Since it was becoming hard to deal with environmental concerns raised by environmentalists and concerned people over the energy-intensive nature of the PoW consensus mechanism, nowadays, the blockchain is given the authority to choose a node that has to read, verify and add blockchain transactions to the ledger. 

Proof of Stake
Source: Freepik

This eliminates the competition between miners to add a block, thus reducing the need for excessive computational power. The protocol on the blockchain can randomly select the validator (node) or by comparing the holdings, previous computation time, etc. The validators usually stake (lock in) some crypto assets with the network in this consensus mechanism and get rewarded in native crypto coins upon successfully adding the block.

3. Delegated Proof of Stake

The delegated proof of stake consensus mechanism requires even lesser energy and time consumption to add a block. Networks like EOS use this mechanism where only a limited number of validators need to approve the transaction. It saves time and resources and makes the whole consensus mechanism less competitive. 

There is a chance for hackers to manipulate this mechanism, and research is going on to remove the possibility of transaction manipulation. Currently, a node is considered a validator only after clearing certain criteria related to proof of stake. The blockchain protocol itself often decides the criteria.

Tracking Blockchain Transactions

Multiple block explorers can be used to track a blockchain transaction. These often use the unique id and the wallet details through which the transaction occurred. You can understand the whole process through these steps:

1. The first step required to track a transaction on the block explorer is to look for that transaction on the wallet. Firstly add your wallet details to the software and then look for the transaction you want to track. There are no limitations related to what cryptocurrency was used in the transaction.

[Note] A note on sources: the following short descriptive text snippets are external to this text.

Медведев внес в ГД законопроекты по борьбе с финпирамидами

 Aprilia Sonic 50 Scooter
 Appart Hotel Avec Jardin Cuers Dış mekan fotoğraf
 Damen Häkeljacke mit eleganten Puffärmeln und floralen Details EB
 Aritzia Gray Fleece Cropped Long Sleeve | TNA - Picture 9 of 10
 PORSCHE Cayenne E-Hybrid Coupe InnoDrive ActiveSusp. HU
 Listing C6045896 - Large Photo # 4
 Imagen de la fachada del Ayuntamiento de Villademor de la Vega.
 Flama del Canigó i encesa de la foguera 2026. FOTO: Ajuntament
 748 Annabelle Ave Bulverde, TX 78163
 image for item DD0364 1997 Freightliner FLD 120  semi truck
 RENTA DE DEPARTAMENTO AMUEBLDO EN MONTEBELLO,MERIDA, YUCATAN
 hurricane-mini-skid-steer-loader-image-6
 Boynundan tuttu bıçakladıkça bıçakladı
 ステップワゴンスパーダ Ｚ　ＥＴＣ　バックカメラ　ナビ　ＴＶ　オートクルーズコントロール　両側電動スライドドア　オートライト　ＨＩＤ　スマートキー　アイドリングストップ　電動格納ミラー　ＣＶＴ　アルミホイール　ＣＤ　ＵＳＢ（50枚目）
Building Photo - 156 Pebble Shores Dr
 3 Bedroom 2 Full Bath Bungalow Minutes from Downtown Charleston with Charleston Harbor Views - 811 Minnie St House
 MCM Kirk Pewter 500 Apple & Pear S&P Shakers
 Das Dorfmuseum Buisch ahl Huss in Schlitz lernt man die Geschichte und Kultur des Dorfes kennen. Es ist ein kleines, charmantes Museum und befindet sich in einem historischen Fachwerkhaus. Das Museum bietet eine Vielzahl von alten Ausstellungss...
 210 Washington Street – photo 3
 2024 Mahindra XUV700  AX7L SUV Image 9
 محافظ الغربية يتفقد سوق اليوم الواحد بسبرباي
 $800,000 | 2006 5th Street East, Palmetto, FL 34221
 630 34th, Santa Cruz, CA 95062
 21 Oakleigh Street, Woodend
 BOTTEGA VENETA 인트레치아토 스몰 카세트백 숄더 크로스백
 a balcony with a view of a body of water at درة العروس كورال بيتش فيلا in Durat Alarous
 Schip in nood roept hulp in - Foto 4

2. Now click on the transaction and find its unique transaction ID. Usually, it is a combination of alpha-numeric characters associated with a particular transaction on the blockchain. Bitcoin is called the TXID and might have other names on different blockchains.

3. Now, if you have connected the main wallet with the block explorer, click on the ‘view on blockchain’ section to track the transaction on the blockchain. 

The process becomes manual if the main wallet has not been connected. Just search the transaction id on explorer, and the users can find the number of confirmations associated with the transaction. Depending on the wallet used, the number of nodes working on the transaction, and the route taken, various confirmations will be tracked on the blockchain. If the search shows ‘no transaction found,’ then the blockchain transaction has not occurred and needs to be reinitiated.

Conclusion

After the discussion, we are sure you will have learned ‘what are blockchain transactions?’ The DeFi ecosystem has helped evolve the underlying conditions of how the transfer of payments occurred earlier. Some currencies are working on bridging the gap between CeFi and DeFi to provide a relationship between the financial institutions and banks. 

Decentralizing financial control has provided more freedom for people to manage their own money and invest it through proper mediums. Even with all the freedom and transparency, DeFi has also been able to provide security to blockchain transactions with the help of contributing nodes. So, it can be concluded that moving forward, we will witness advancements in blockchain transactions and thus ease in transferring funds. Imagine a world where cross border remittances and other types of payments are settled instantaneously with barely any fees. Well it is a reality already for those who believe in Web3/decentralized crypto-linked ecosystem. They are already able to transfer money from one country to another country where their family lives within few seconds to minutes at a fraction of what Web2 peers like Paypal and Western Union charges!